Qué fortuna para los
salvadoreños, la democracia y el futuro incierto del Congreso, porque pudieron
pasar varias cosas. La primera, que al hacer el intento, la línea que lleva
directo hasta el Altísimo estuviera ocupada; o que hubiera interferencias y el
tal Bukele entendiera "sí" en dónde se decía "no". Pero no,
todo marchó de maravillas, Bukele llamó y recibió respuesta pronta y clara:
"Hazte el pendejo y échame a mi la culpa que, total, para eso he venido a
este valle de lágrimas; di que te he dicho que recules, y mira a ver si puedes
salir bien librado de este atolladero que has armado".
Era la tarde del
domingo 9 de febrero, día libre para los casi 5000 burócratas convocados,
quienes azuzaron a su patrón en la tarima armada por el ejército frente al
Palacio Legislativo.

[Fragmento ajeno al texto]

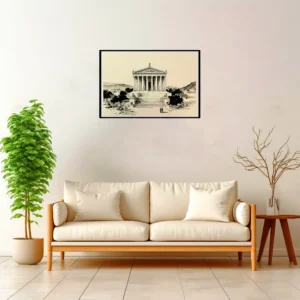 Temple of Artemis — Japanese Tradition framed fine art interior preview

A Bukele parecía urgirle un préstamo, y apremiaba a los
diputados para que se lo aprobaran ipso facto, aunque fuera domingo por la
tarde, día santo que hasta el convocado vía línea directa dedica al descanso.
Por muy histriónico y
ridículo que haya sido este montaje del presidente salvadoreño, no es el
primero. El 27 de setiembre del año pasado se tomó un selfie en la tribuna principal
de la Asamblea General de la ONU, y reconvino a esa organización para que
dejara de hacer reuniones tan caras a las que costaba tanto llegar, y mejor las
hiciera por teleconferencia. Ese fue su mensaje, como si no llegara de un país
como del que estaba llegando, con casi un cuarto de su población fuera de sus
fronteras, apaleado en los límites de México, y con índices de violencia sin
parangón.
Nayib Bukele no es,
tampoco y por desgracia, una excepción en este mundo patas arriba en el que
estamos viviendo. Por lo pronto, su congénere guatemalteco, el señor Alejandro
Gianmmattei, lo apoyó en su desplante, y no debemos enumerar las cantidad de
acciones similares que se despliegan de norte a sur en nuestro contiene.
Y, como si fuera poco,
a todo esto debemos agregar la reafirmación en esta situación salvadoreña del
oscuro papel de los ejércitos de la región que, luego de unas breve pausa,
vuelven a asumir un nefasto protagonismo que creíamos que habían dejado en el
olvido.
Nayib Bukele, el
millenial niño consentido, ocurrente y berrinchudo no es, desafortunadamente,
una excepción en este panorama latinoamericano de inicios de la tercera década
del siglo XXI. Un retroceso en una región que no logra encontrar la senda de la
madurez política. Es el producto, sin embargo, de la decepción de la población
con los que lo han antecedido. En el caso específico de El Salvador, con el
amañamiento entre las principales fuerzas políticas surgidas de la guerra,
Arena y el FMLN, que se cubrieron las espaldas mutuamente para evitar los
juicios por las atrocidades de la contienda, y protegieron a quienes robaron a
manos llenas cuando estuvieron en el poder.
Ahora que han sido
desplazados de la presidencia y, seguramente dentro de poco tiempo, del
Congreso, ya ni el recurso de orar les queda: Bukele tiene la línea directa con
Dios.
Loos persomajes de Kafka han nacido ya.